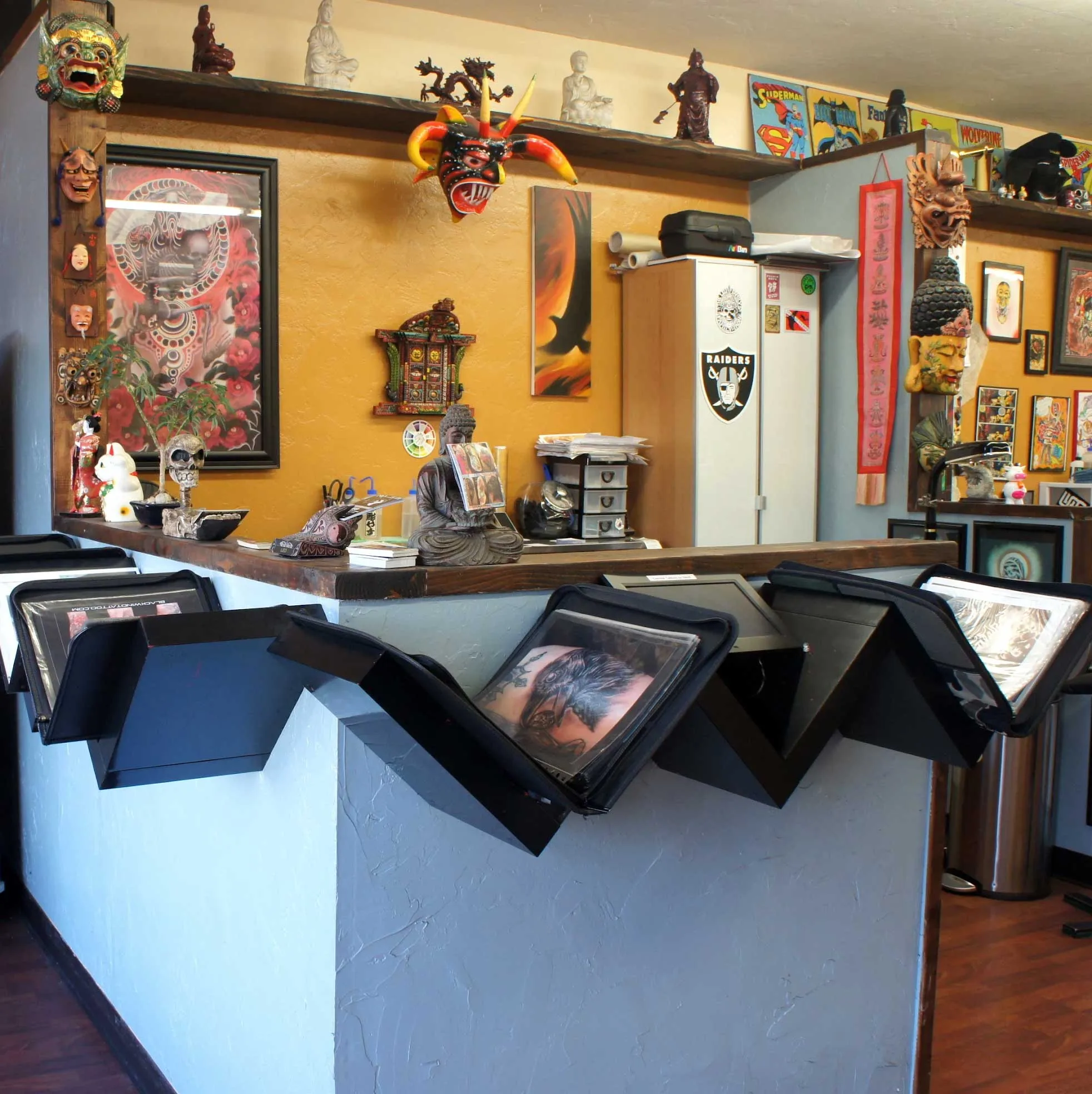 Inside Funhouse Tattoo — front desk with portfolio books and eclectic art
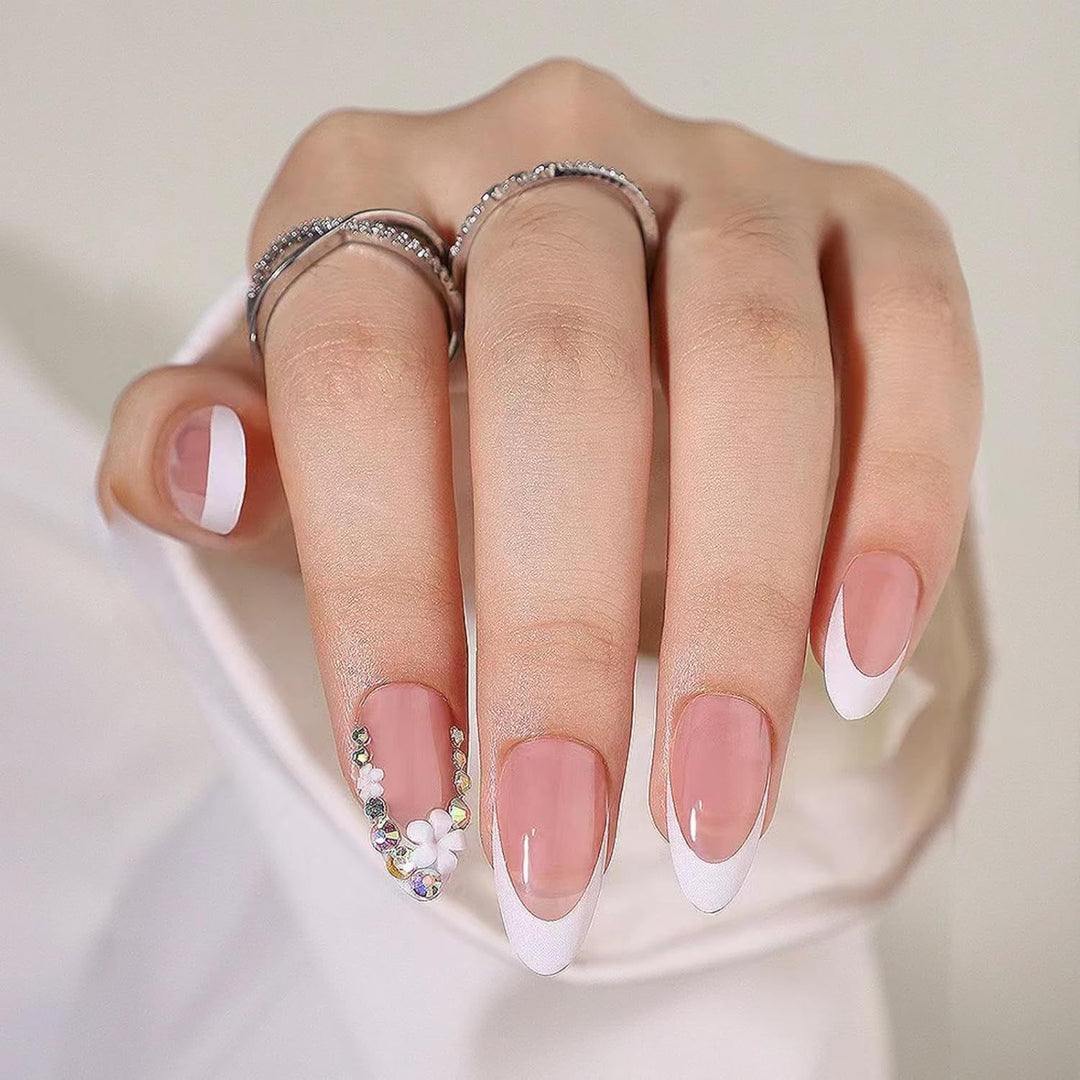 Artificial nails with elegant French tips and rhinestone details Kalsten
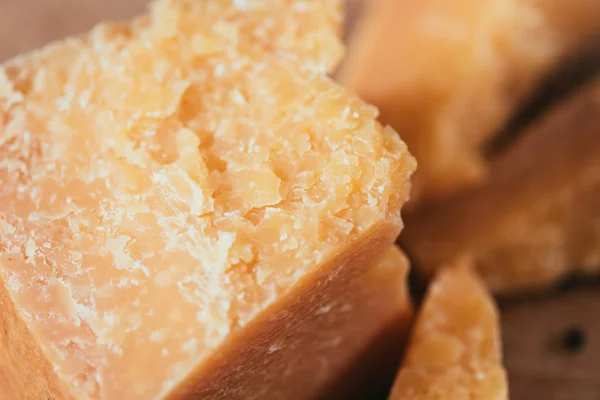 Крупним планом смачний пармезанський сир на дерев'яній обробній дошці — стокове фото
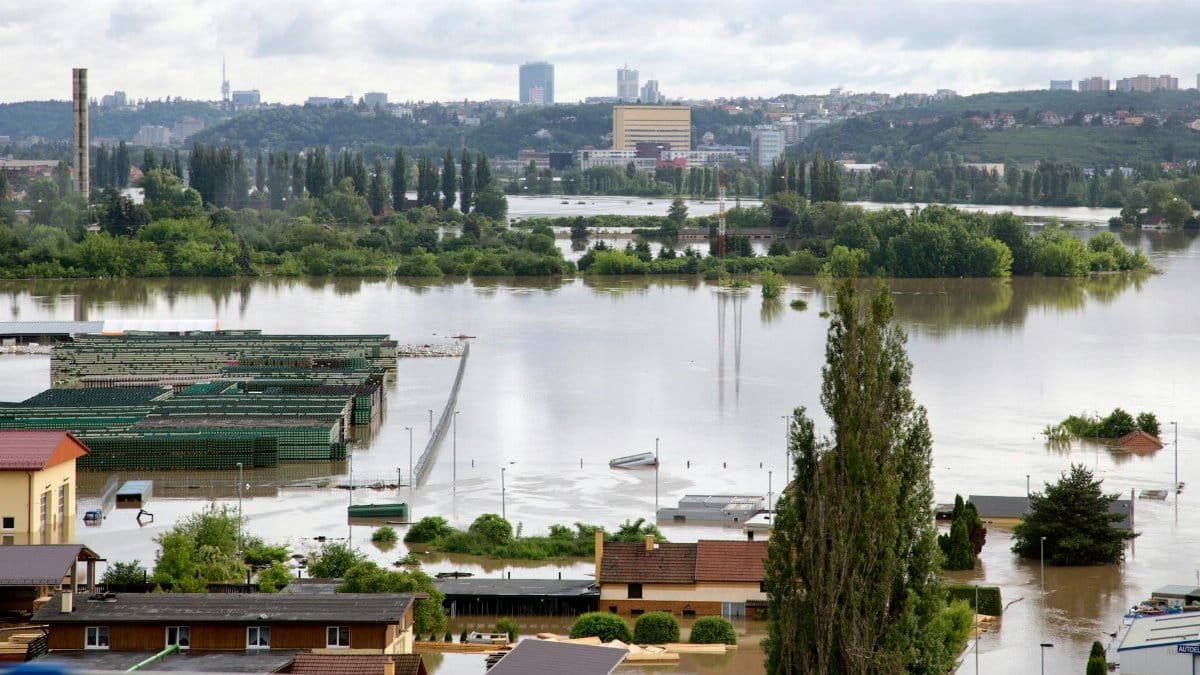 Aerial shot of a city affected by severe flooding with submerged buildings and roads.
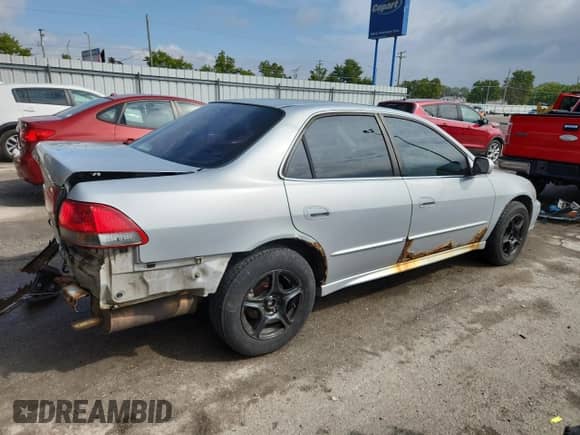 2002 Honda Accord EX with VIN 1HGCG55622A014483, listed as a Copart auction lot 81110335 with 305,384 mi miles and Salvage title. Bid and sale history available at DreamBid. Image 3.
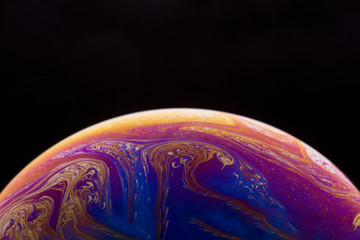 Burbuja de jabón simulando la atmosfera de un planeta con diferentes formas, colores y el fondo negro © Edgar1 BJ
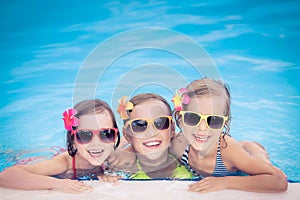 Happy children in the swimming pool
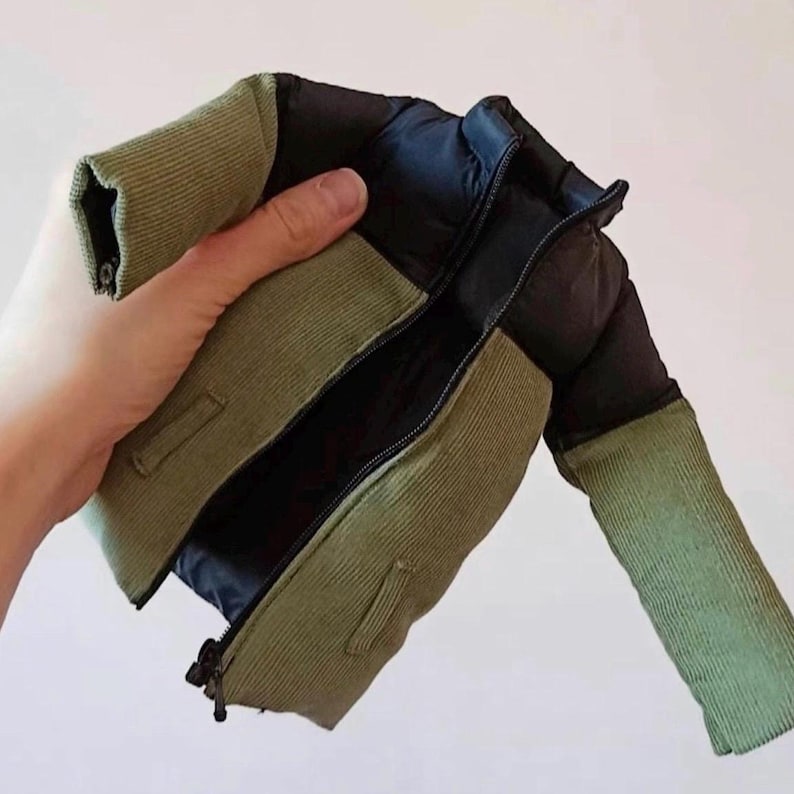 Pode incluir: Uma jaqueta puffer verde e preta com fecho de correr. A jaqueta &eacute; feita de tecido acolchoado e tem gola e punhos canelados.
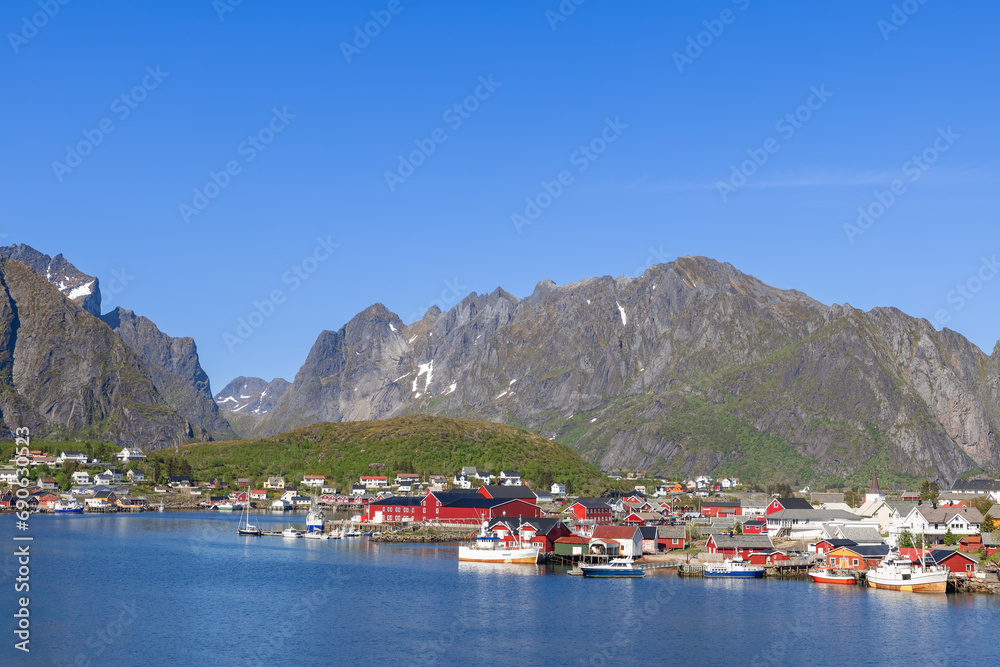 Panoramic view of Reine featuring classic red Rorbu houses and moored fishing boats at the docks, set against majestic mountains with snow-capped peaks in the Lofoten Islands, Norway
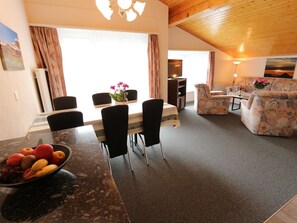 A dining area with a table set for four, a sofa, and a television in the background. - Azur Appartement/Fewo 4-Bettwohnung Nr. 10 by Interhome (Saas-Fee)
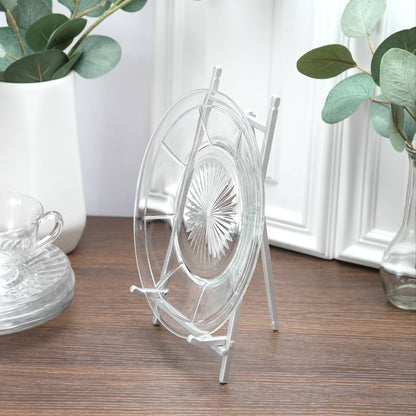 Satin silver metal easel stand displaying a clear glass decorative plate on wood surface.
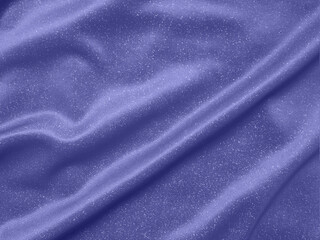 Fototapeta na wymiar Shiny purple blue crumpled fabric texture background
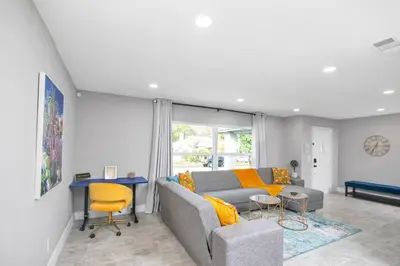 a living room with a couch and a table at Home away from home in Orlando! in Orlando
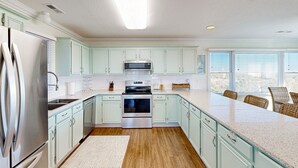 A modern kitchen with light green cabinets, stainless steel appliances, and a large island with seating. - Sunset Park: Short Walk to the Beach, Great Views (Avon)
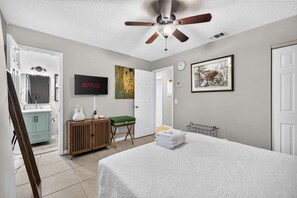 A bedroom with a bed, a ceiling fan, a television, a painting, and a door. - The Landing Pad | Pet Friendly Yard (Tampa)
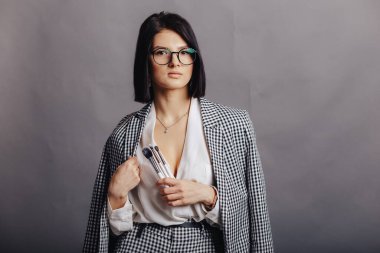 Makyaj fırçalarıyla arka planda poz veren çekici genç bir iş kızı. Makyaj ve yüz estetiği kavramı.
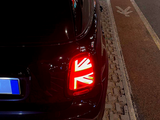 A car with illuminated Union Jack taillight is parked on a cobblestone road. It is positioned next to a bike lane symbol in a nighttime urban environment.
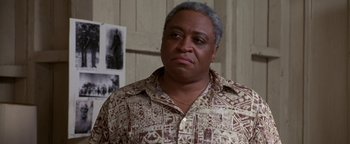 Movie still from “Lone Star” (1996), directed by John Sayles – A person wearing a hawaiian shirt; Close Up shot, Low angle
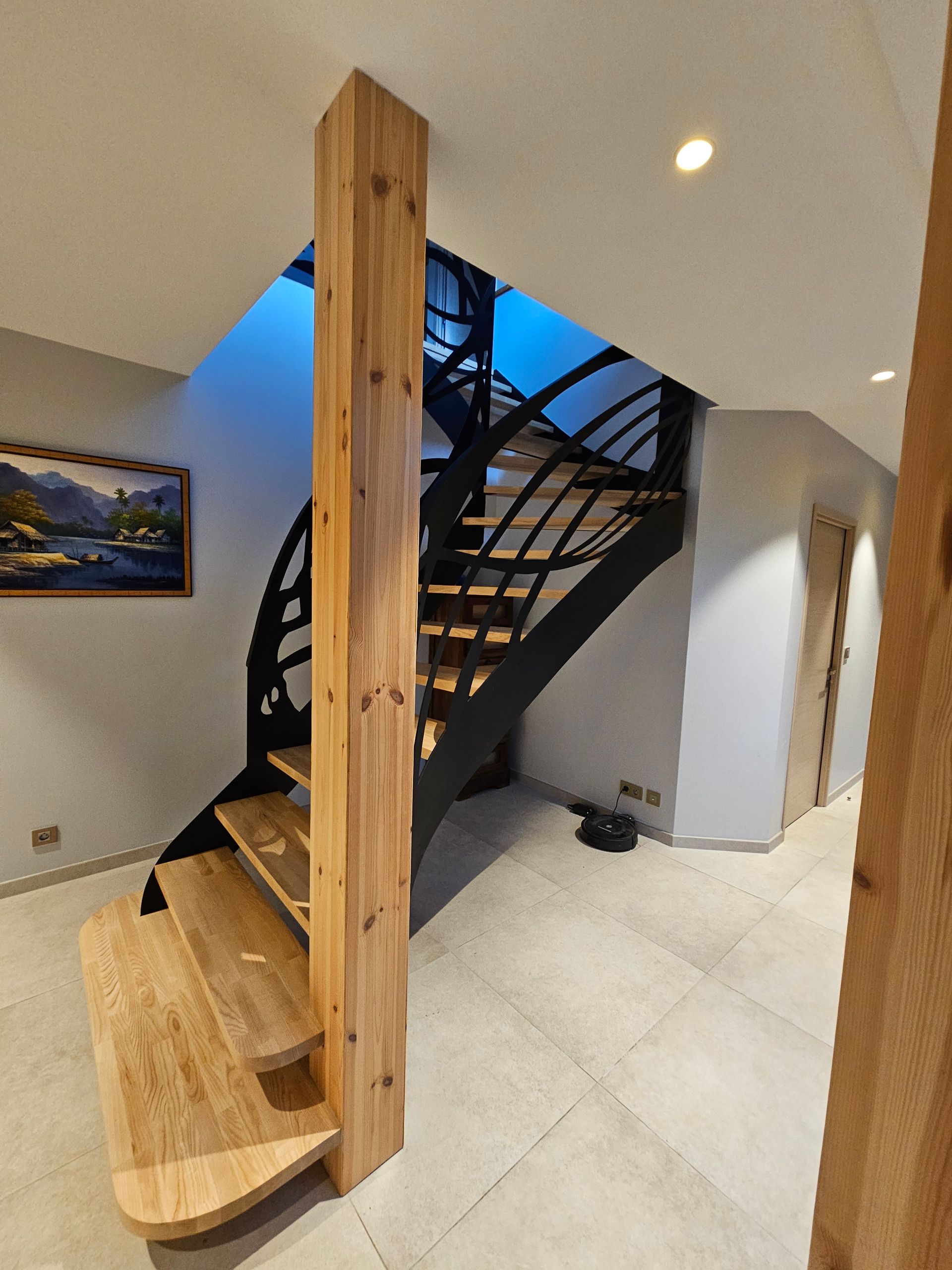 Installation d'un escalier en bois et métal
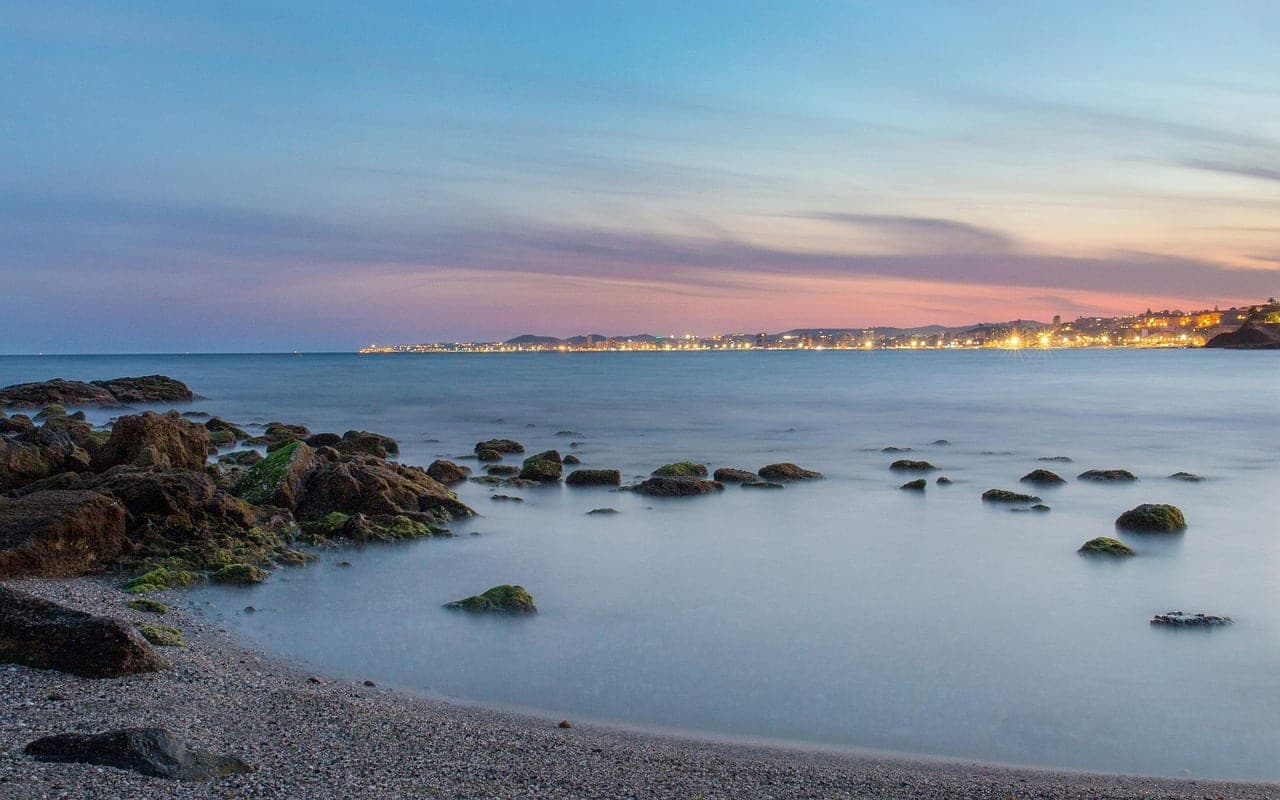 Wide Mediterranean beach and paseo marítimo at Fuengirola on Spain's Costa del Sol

┄┄┄┄┄┄┄┄┄┄┄┄┄┄┄┄┄┄┄┄

EXERCISE GOAL =
Of the lines above, quote exactly those from the one with "Burbuja de jabón" through the one with "A car with illuminated", ends included; pictures stay out.

YOUR SOLUTION =
 Burbuja de jabón simulando la atmosfera de un planeta con diferentes formas, colores y el fondo negro © Edgar1 BJ
 Happy children in the swimming pool
 Pode incluir: Uma jaqueta puffer verde e preta com fecho de correr. A jaqueta &eacute; feita de tecido acolchoado e tem gola e punhos canelados.
 Panoramic view of Reine featuring classic red Rorbu houses and moored fishing boats at the docks, set against majestic mountains with snow-capped peaks in the Lofoten Islands, Norway
 A dining area with a table set for four, a sofa, and a television in the background. - Azur Appartement/Fewo 4-Bettwohnung Nr. 10 by Interhome (Saas-Fee)
 Satin silver metal easel stand displaying a clear glass decorative plate on wood surface.
 Fototapeta na wymiar Shiny purple blue crumpled fabric texture background
 a living room with a couch and a table at Home away from home in Orlando! in Orlando
 A modern kitchen with light green cabinets, stainless steel appliances, and a large island with seating. - Sunset Park: Short Walk to the Beach, Great Views (Avon)
 A bedroom with a bed, a ceiling fan, a television, a painting, and a door. - The Landing Pad | Pet Friendly Yard (Tampa)
 Makyaj fırçalarıyla arka planda poz veren çekici genç bir iş kızı. Makyaj ve yüz estetiği kavramı.
 A car with illuminated Union Jack taillight is parked on a cobblestone road. It is positioned next to a bike lane symbol in a nighttime urban environment.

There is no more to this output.